## Tuesday, 17 January 2017

### Confidence is not a preference

"Confidence is a preference....."

Nice sentiment, Blur, but let's be realistic: confidence is a threshold.

I get asked about confidence intervals a lot now. They're everywhere - in the dashboard, RAISE, and FFT reports - and they are more in your face than ever before. We are now aware that these are the things that dictate statistical significance, that they define those red and green boxes and dots in our reports, and it's therefore no surprise that teachers, particularly heads and senior leaders, want to understand them. So, I get asked about them almost daily and I'm aware that I don't always do a very good job of  explaining them. One effort last week: "well, it's nearly 2 standard deviations from the mean and it involves group size". Poor. C grade answer at best. Blank looks. Someone coughs. In the distance a dog barks. Must try harder.

This post is my attempt to redeem myself. This is my resit. I'm going for the B grade answer.

First, what is a confidence interval?
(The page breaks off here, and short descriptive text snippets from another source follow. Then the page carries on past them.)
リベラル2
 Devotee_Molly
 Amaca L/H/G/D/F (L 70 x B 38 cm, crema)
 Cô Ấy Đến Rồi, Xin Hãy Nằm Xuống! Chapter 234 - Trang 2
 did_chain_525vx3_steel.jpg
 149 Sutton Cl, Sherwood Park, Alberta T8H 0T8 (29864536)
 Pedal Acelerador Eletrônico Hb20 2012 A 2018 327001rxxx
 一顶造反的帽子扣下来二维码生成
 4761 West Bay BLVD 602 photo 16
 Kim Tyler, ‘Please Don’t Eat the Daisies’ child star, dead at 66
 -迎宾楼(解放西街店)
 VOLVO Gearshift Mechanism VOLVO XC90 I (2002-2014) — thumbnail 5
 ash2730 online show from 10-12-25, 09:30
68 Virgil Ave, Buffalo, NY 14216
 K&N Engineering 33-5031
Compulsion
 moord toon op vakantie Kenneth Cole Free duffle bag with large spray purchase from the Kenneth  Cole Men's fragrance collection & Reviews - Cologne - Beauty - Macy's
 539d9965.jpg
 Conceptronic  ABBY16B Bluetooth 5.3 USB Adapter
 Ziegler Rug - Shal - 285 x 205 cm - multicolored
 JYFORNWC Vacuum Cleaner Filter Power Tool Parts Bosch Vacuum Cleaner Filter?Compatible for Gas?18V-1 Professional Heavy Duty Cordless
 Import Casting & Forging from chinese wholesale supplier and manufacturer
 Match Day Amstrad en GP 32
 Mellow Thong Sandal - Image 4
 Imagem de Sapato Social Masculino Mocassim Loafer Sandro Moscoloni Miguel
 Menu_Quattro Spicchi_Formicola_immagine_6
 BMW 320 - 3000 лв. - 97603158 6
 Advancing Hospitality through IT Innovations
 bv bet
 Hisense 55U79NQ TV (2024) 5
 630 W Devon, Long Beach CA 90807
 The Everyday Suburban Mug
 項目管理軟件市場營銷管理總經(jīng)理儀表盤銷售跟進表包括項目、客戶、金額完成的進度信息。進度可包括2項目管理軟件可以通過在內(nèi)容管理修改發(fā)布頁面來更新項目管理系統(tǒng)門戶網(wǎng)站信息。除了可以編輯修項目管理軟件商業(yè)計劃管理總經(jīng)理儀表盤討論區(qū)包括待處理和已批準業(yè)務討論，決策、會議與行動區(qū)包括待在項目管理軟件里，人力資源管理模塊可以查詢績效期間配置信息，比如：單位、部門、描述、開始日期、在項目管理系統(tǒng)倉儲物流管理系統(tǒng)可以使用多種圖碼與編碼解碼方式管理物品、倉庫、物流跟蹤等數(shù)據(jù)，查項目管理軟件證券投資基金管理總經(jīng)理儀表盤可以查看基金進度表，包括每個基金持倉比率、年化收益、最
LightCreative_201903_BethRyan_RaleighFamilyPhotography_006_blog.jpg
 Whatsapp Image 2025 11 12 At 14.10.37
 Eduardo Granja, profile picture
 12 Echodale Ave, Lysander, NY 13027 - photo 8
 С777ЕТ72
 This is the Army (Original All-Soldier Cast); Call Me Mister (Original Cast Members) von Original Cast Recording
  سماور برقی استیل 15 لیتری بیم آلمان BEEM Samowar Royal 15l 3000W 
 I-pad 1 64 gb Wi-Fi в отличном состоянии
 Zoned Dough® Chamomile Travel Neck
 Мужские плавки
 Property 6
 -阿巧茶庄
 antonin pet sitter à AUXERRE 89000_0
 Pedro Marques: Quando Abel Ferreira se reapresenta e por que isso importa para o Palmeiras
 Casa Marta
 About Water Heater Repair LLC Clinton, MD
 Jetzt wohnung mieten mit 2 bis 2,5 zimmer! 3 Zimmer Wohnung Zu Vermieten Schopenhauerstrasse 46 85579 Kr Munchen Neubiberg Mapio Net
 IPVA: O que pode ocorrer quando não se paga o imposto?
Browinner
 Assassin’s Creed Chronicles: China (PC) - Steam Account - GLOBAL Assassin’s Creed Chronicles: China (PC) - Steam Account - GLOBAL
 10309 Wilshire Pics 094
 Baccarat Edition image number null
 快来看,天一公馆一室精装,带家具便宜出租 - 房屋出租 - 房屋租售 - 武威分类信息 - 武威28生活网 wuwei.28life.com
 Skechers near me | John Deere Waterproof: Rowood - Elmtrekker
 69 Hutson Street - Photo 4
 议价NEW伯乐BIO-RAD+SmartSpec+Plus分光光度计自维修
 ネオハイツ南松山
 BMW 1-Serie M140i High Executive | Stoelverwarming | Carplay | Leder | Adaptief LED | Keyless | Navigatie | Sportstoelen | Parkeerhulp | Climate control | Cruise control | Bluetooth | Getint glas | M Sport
The DfE and FFT use a 95% confidence interval, which means that 95% of confidence intervals constructed around sample (i.e. schools') mean scores will contain the population mean score. Those 5% of cases where the confidence interval does not contain the population mean are deemed to be statistically significant.

If you look at a normal distribution you will note that 68% of pupils' scores are within 1 standard deviation of the national average score; and 96% of scores are within 2 standard deviations. Only 4% of cases are more than 2 standard deviations from the mean: 2% are 2 standard deviations below and 2% are 2 standard deviations above. So, if 96% of scores are within 2 standard deviations of the mean, then 95% of scores are within 1.96 standard deviations of the mean. That's where the 95% comes from and explains the 1.96 in the calculation (see below).

But if we just looked at those schools whose average scores were beyond 1.96 standard deviations of the mean then it wouldn't be very useful because it would only identify a handful of schools with very high or very low scores. Also, it wouldn't be very fair because a pupil in a small school has a far greater impact on results that a pupil in a large school. This is why the size of the cohort (or group) needs to be taken into account. We are therefore creating groups of schools on the basis of cohort (or pupil group) size, that have the same confidence intervals, and ascertaining whether data is significant compared against the results of same size cohorts nationally. The calculation of the confidence interval is therefore as follows:

1.96 x national standard deviation/ square root of number of pupils in cohort (or group)

(Apologies for lack of mathematical symbols but I'm writing this on my phone whilst waiting for a train).

If you want the national standard deviations, you can find them in DfE guidance, in the ready reckoner tools, and in my VA calculator. Off the top of my head they are between 5 and 6 (to several decimal points) depending on subject, which means that 68% of pupils' scores fall within the range of 97-109 where the national average score is 103 and the standard deviation is 6.

For the sake of simplicity, let's assume the national standard deviation is 6 and the cohort is 16 (square root = 4). The confidence interval is therefore:

1.96 x 6/4 = 2.94

And for a cohort of 64 (square root = 8) the confidence interval is:

1.96 x 6/8 = 1.47

This effectively means that results for school A need to shift further to be statistically significant than those of school B, but a pupil in school A has a bigger impact on overall results so that's fair.

Right, so we have calculated our confidence interval. Now what?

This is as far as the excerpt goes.